The project proved to be an engineering and operational challenge, the company said. The four structure support piles – measuring 36 in. x 1.25 in. – would also be used as conductors for the Production A platform in West Patricia field. Each of the four structure piles – or conductors – were to contain 3 x 13-3/8-in. casing strings, using AB- STL flush connections, depending on pipe weight. This configuration would serve as the basis of a 12-well platform. The four piles were made up using internally-externally flush Oil States Puma connections.
Murphy Oil Engineering determined that the required depth – or penetration – of the 36-in. piles would be from 72 to 75 m below the mudline. Using soil data and drive simulations provided, BJ proposed to use a reduced (ID) drive shoe to reduce the potential for washing out the casing during driving to reach the required pile penetration. This type of drive shoe is normally constructed from steel and remains inside the tip of the pile after it is driven into place.

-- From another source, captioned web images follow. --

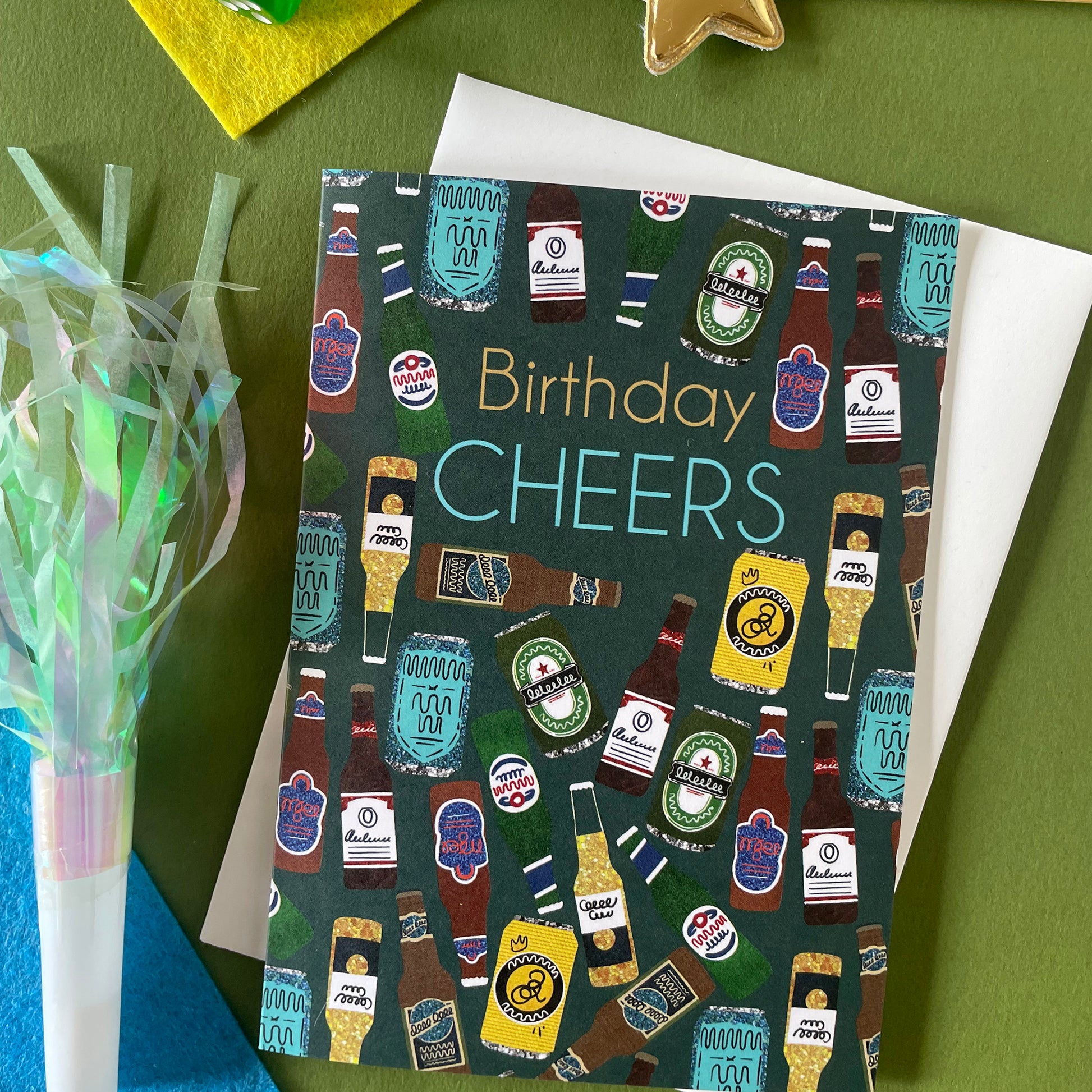 Image shows a birthday card with the greeting 'Birthday Cheers' and a pattern made of collaged beer bottles and cans.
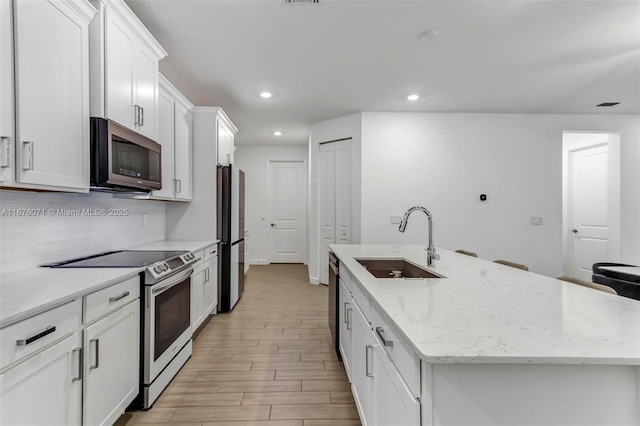 kitchen with light stone countertops, sink, an island with sink, and stainless steel appliances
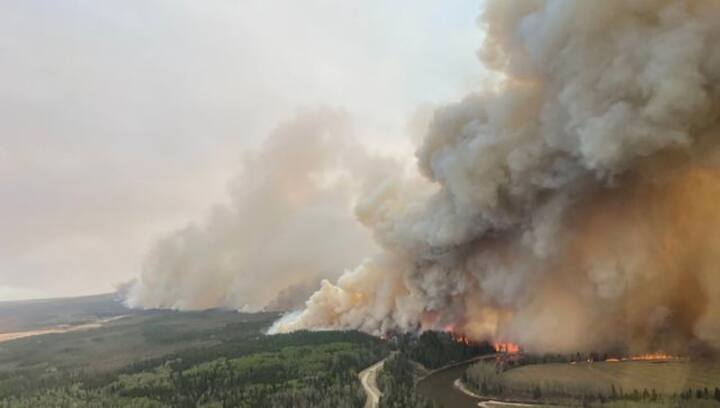 'Unprecedented crisis': Out-of-control wildfires in Western Canada force 25,000 to flee homes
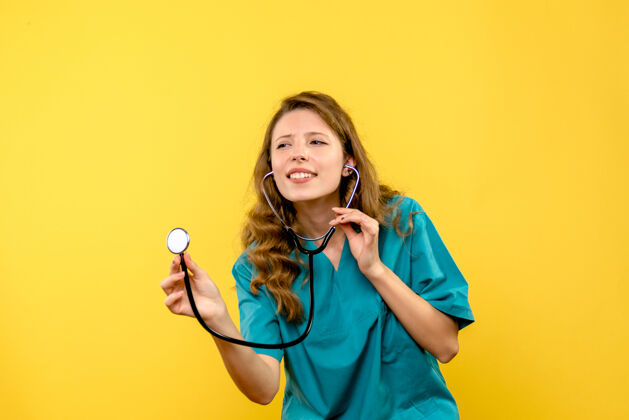 女医生黄色墙上女医生使用听诊器的正面图保健仪器成人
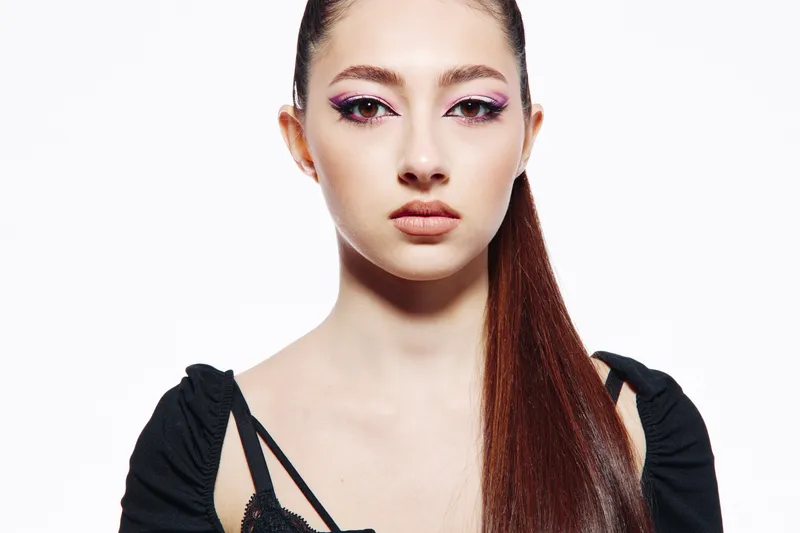 Young woman with smooth pale skin and long straight hair wears bold pink eyeshadow and natural lipstick on clean white background. Creative makeup concept for beauty and fashion.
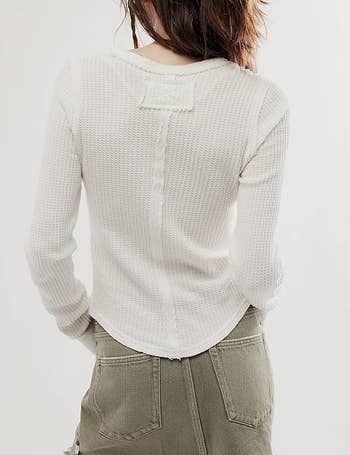 View from the backmost  of a idiosyncratic   wearing a waffle-knit long-sleeve apical  and cargo-style inferior  pants. The representation  is utilized  successful  a buying  article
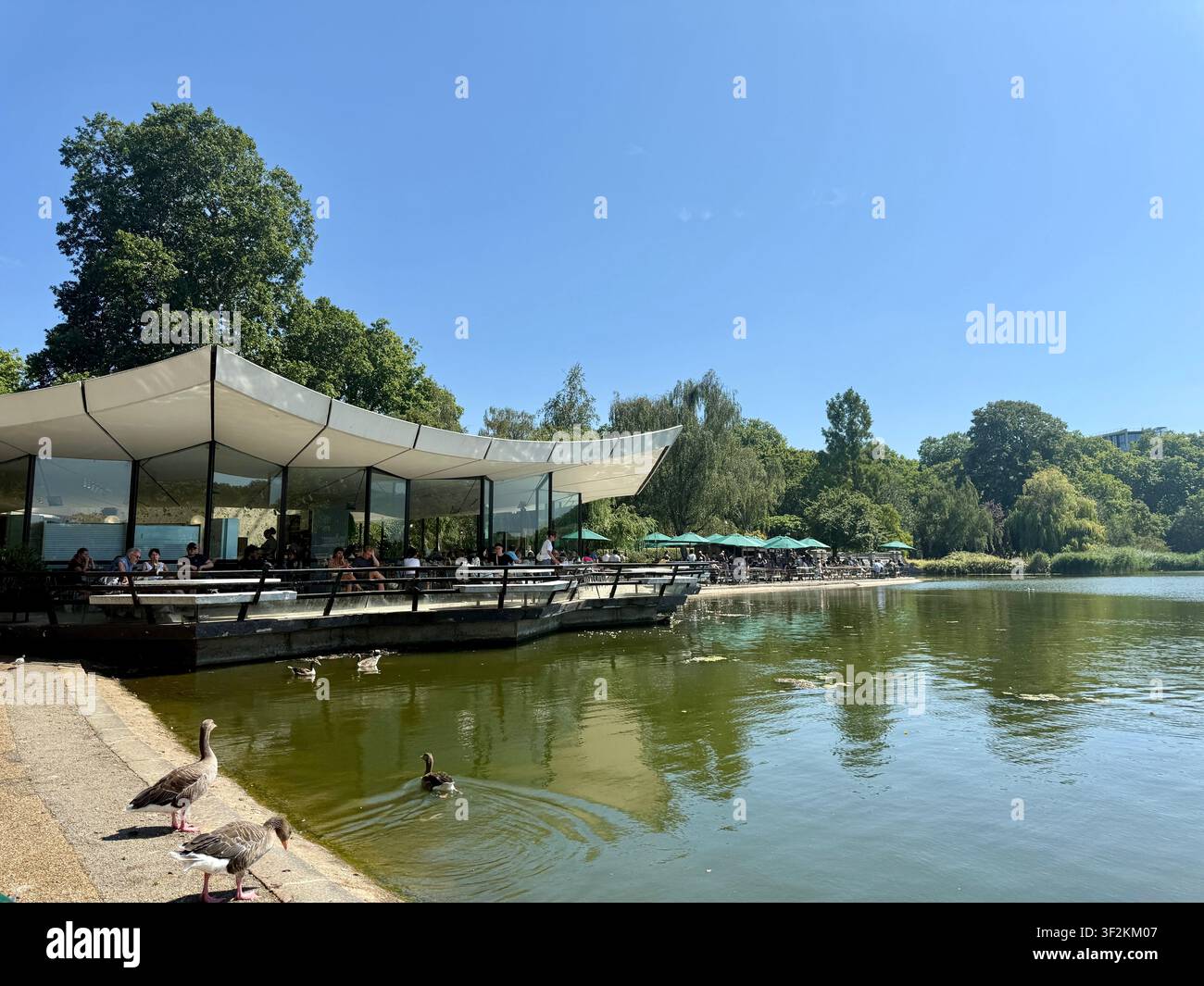 Le café Serpentine à Hyde Park à Londres par une journée ensoleillée d'été avec des gens mangeant sur la terrasse extérieure. Le lac et les canards au premier plan. Banque D'Images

However, due to the risk of connection interference and/or hang-up at the pile tip, Murphy Sarawak wanted a drillable drive shoe to avoid a permanent reduction in pile I.D. BJ proposed using an insert made of material other than steel that would perform the same function as a traditional drive shoe, but could be removed after pile driving was completed. Called the composite drillable drive shoe system, this approach would mitigate internal pile skin friction while driving and allow installation to be achieved with available equipment. BJ settled on 15-mm thick composite material sheets formed to suit the I.D. of the pipe in question, which were then bonded to the inner bore of the parent pipe.
BJ designed inserts and constructed scale models before testing them to destruction to determine the shear potential of the bonding material. Once testing was completed, BJ proposed the new system plans to Murphy Sarawak. The presentation included pile-driving simulations to demonstrate the performance of the composite material insert in conjunction with BJ's offshore hydraulic pile driving system.
Murphy Sarawak agreed to the use of the removable composite material insert, and BJ started with fabrication and subsequent installation of the inserts.
The approach involved removing the insert after pile driving had been completed during the first pass of drill bit, while the combined structure pile/conductor string was cleaned out to a point located just past the shoe. A watermelon mill was located above the bit and set to the I.D. of the pipe at 33.5 in. By doing so, the tip of the conductor/structure pipe size is returned to the size of the parent bore. Drilling forward then began for the 3 x 13-3/8 in. casing strings, and was completed on schedule.